By the time we get to the lunch scene (in a… what kind of room is that?), it’s clear that this place isn’t passing the smell test.  Ian states his case. “The lack of humility before nature is staggering,” he says, and notice the halo over his head at the scene-closing “What you can discovery I call the rape of the natural world.”  He will surely have his, ah, way.  But then when Alan and Ellie sees the sick triceratops, all is forgiven again.

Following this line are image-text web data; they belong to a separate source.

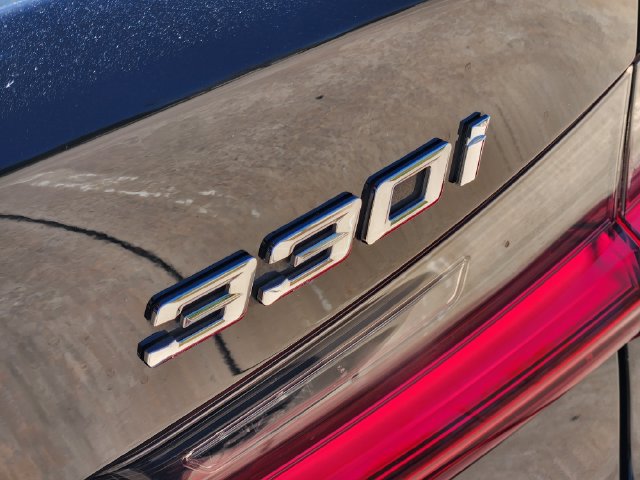 Used 2022 BMW 330i Sedan w/ Convenience Package RWD image 12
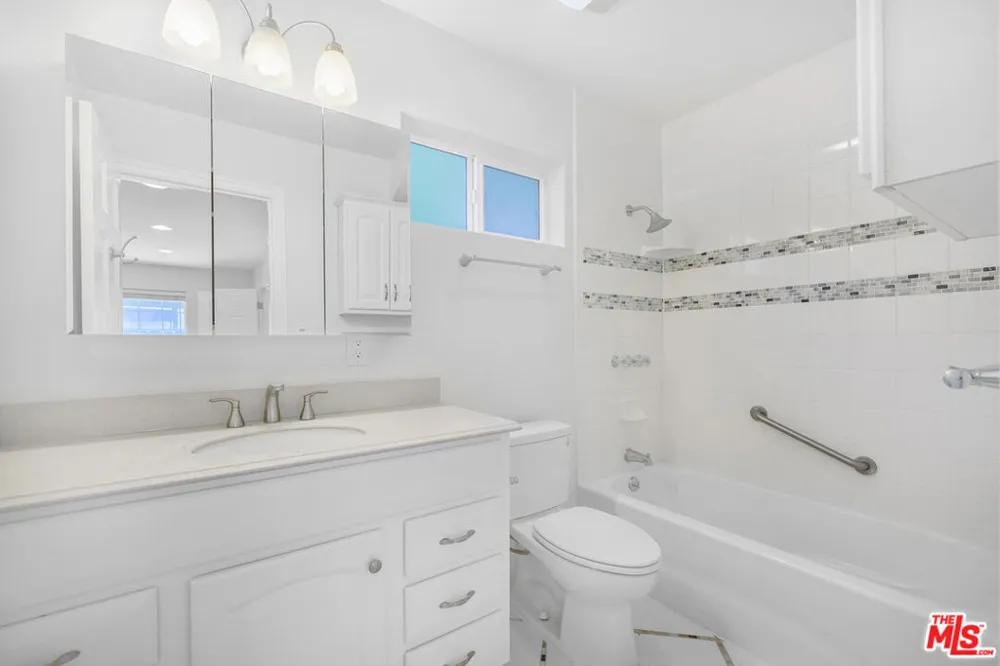 741 Las Palmas Avenue Los Angeles, CA 90038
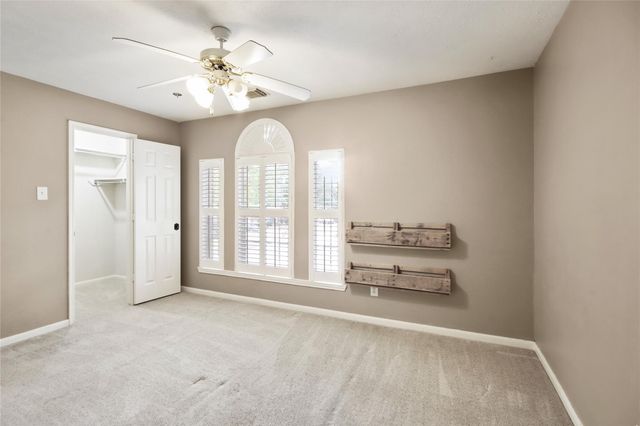 15902 Timber Grove Court N, Tomball, TX 77377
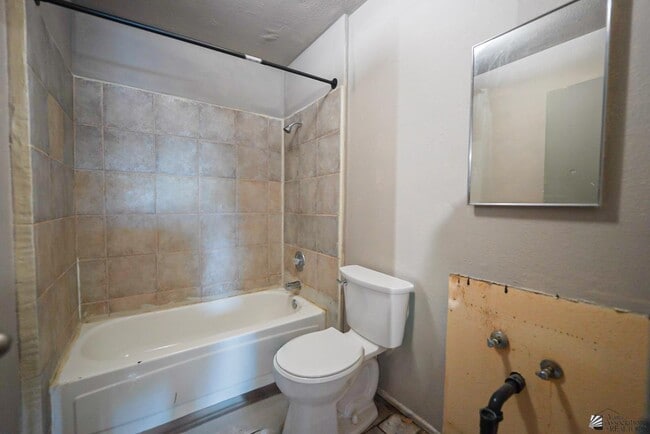 Building Photo - 1508 W 9th Pl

Hammond’s grandkids show up at the 38-minute mark.  I can’t speak for the others, but the 10-year-old boy in me did identify with little Timmy.  He’s about as annoying as Eddie Furlong in Terminator 2: Judgement Day, but a much better actor (whereas Lex mostly just stares and screams–and is good at it to be fair).  They go on the automated tour, the storm sets in, Dennis turns off the fences at the 63 minute mark (except the raptors, they’re saved for Act III), everything goes wrong.  Now we get to the dinosaurs.  First the T-Rex, then the Dilophosaurus pack that Dennis encounters.  I think it was a smart choice to put the kids in front of the dinosaurs first, they’re the ones the studio is getting to buy toys after all.  And honestly, the 10-year-old in me was digging it, the part that loves wanton destruction.  The toilet scene is still really funny–if contrived.

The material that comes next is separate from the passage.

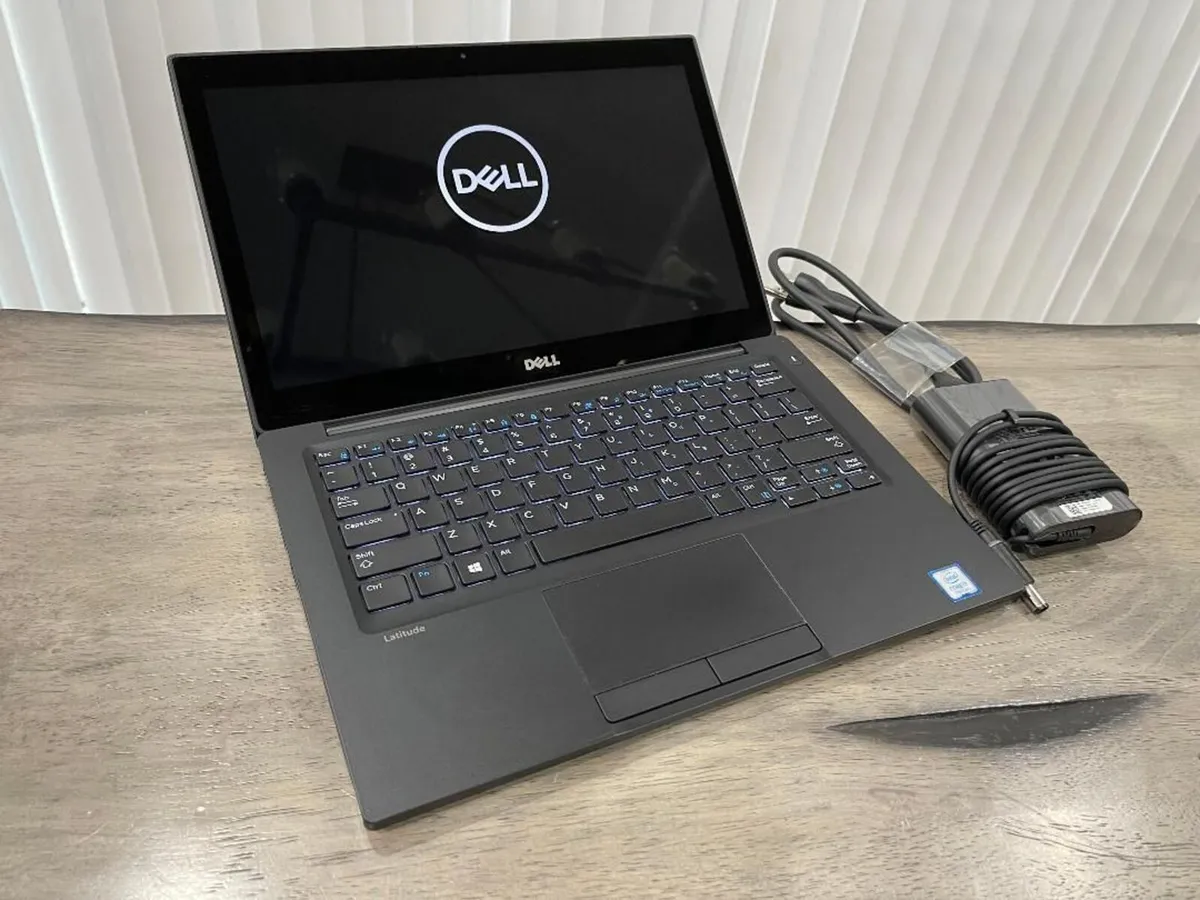 Dell Touchscreen 12.5" Laptop i7 8GB 256GB SSD - Image 1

Ever since I heard Weird Al Yankovic sing “Now I’m being chased by some irate velociraptors / Well believe me, this has been one lousy day,” I’ve wondered just what’s going through characters’ minds in the middle of an action scene, especially one that comes on so suddenly as this one seems to.  I guess it’s just survive–this is my life now.  Not that that stops the occasional one-liner.  Ian Malcolm wonders if outrunning a T-Rex will be on the tour, and after finally being picked up and being put through hell, Alan tells Hammond “After careful consideration I’ve come to the conclusion that your system sucks!“–sorry wrong movie.

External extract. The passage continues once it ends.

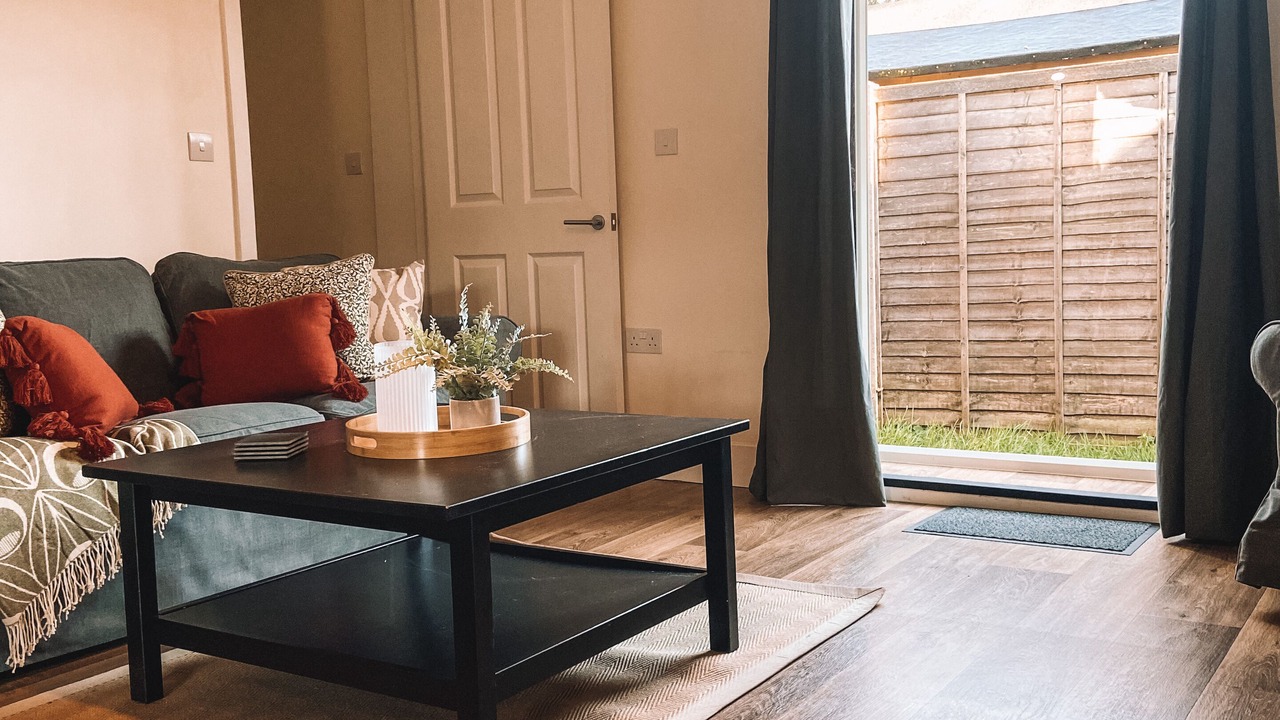 Photo of Livingroom in Godalming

While Alan and the kids are hiding out in a tree for the night (see?  He can be good with kids!), Hammond’s Scottish accent comes out a little at the dining room table with Ellie.  I think this scene does a good job of not making him feel sympathetic, despite his best efforts.  In the morning, Alan again marvels at the miracle of life after discovering the hatched eggs (which only spells more trouble for them, right?).  “Life found a way” indeed.  And a few scenes later,

Lex: I wanna go now.
Alan: Look how it [the T-Rex] eats.
Lex: Please!
Alan: I bet you never look at birds the same way agdain.

The raptors finally appear 103 minutes in.  As a kid, I had never even heard of velociraptors, let alone knew how to say it (I thought it was “velocityraptors”).  But they are certainly the coolest motherfucking things in this film–and smart too!  10-year-old me would have loved the kitchen scene (again, kid-centric).  And I remember them being front-and-center in the merchandising too (maybe the T-Rex was seen as played out?).  There are some horror elements in the power shed, and the tense moment with the electric fence.  Alan and the kids pull a Die Hard then escape through the foyer,  the T-Rex appears one more time as a deux ex machina (striking an awesome pose), then it’s time to go home.  Quite a thrill ride.


They say Stephen Spielberg directed this film in order to get funding for Schindler’s List.  The benind-the-scenes footage opens with him explaining “My interest is making a good movie, that honors the existence of dinosaurs. Even juxtaposed with Man today…”  But it’s clear he was much more invested in it than that.  He explains how he storyboarded Michael Crichton’s novel upon first reading it, was inspired to do the water vibrations after watching is car’s rear-view mirror vibrate to Earth Wind & Fire, and gave that T-Rex (the “star of the film”) its heroic moment at the last minute, inspired by the earlier CGI successes.

And really, he was right.  As awesome as Jeff Goldblum is, the dinosaurs–and the people that brought them to life–are the real stars.  The first time they really looked believable on film.  Though it took awhile, watching this movie made me feel like a kid again.  And really, what more could you ask for?